_Recorded data_
***
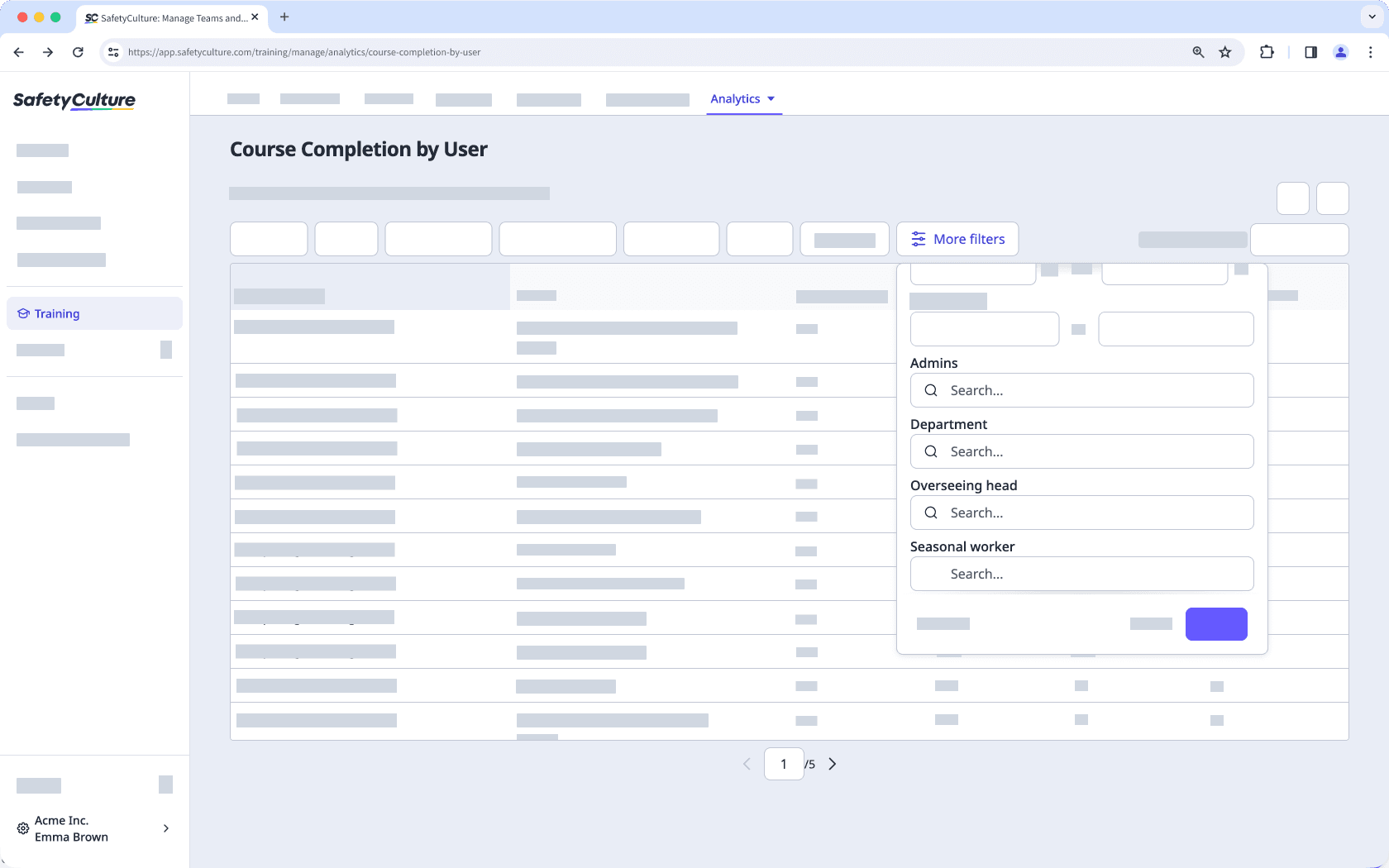 View the relevant team members while checking your users' course completion by filtering with user fields.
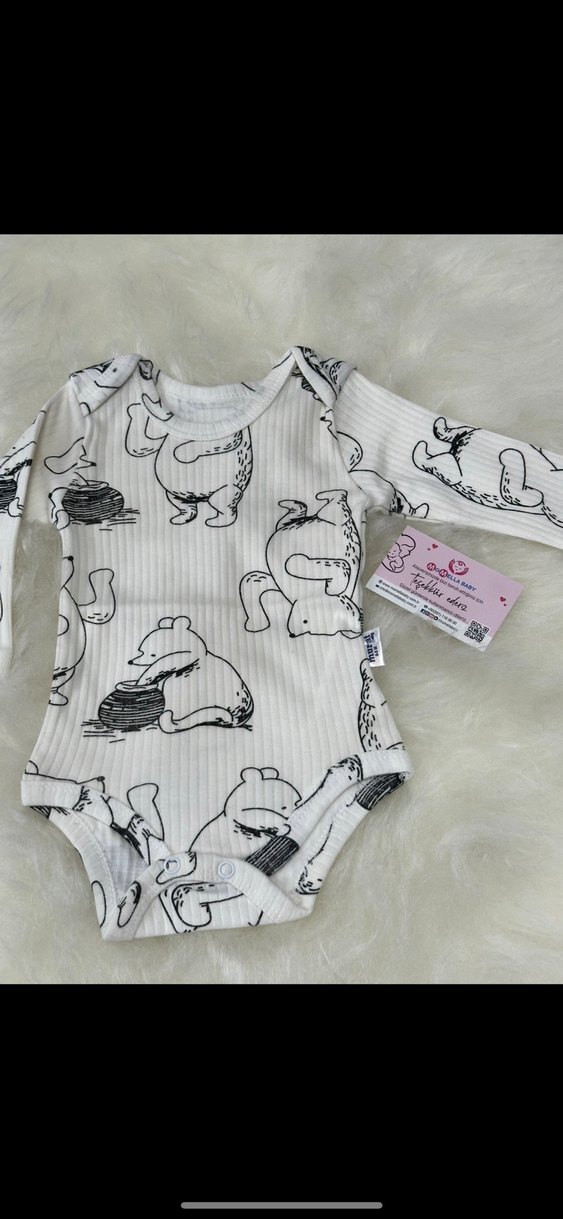 Pamuklu Uzun Kollu Baskılı Bebek Body - Görsel 2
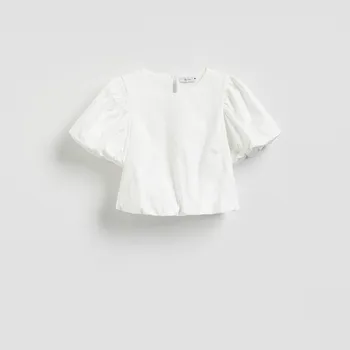 Dámské tričko Reserved - Halenka s balonovými rukávy - bílá - 541GA-00X - 541GA-00X-S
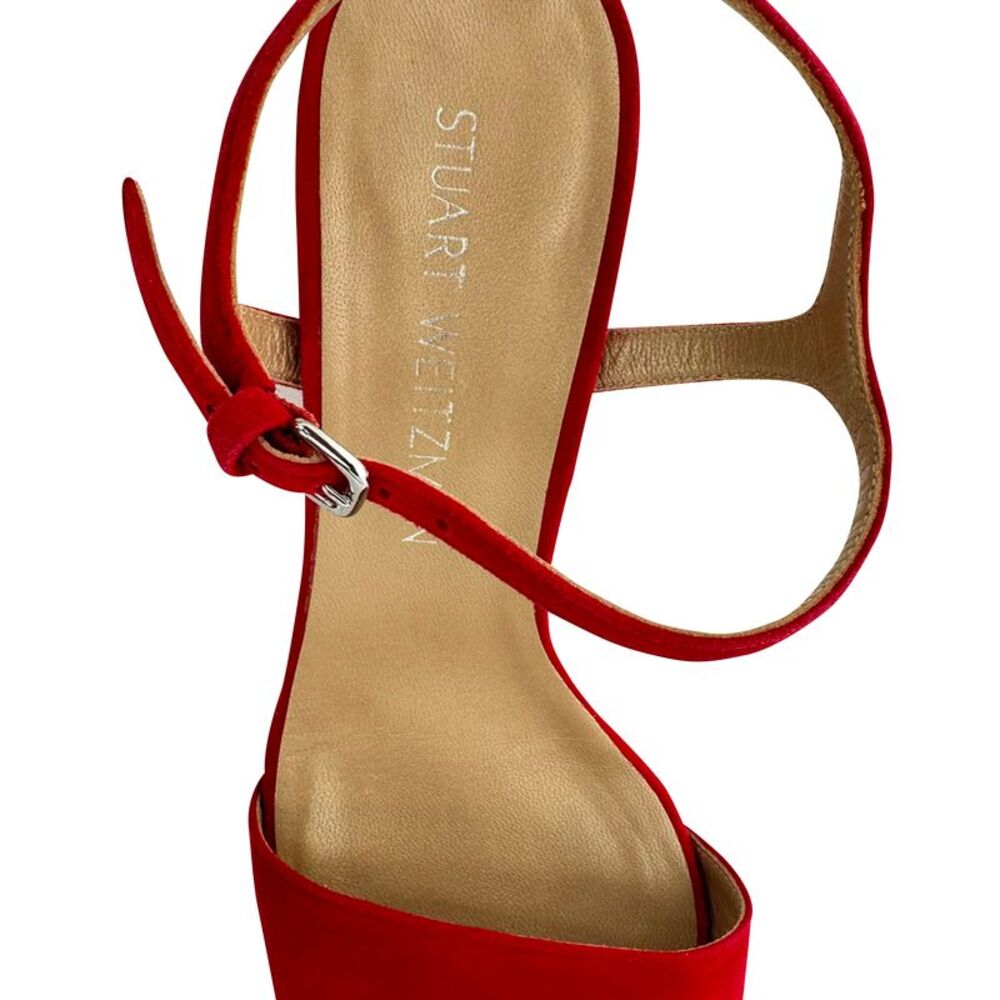 Stuart Weitzman Ankle Strap Sandal Heels in Red Suede - Picture 10 of 12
***
_To do_
The answer should be the complete listing, set down exactly, without pictures.

_Answer below_
 View the relevant team members while checking your users' course completion by filtering with user fields.
 Pamuklu Uzun Kollu Baskılı Bebek Body - Görsel 2
 Dámské tričko Reserved - Halenka s balonovými rukávy - bílá - 541GA-00X - 541GA-00X-S
 Stuart Weitzman Ankle Strap Sandal Heels in Red Suede - Picture 10 of 12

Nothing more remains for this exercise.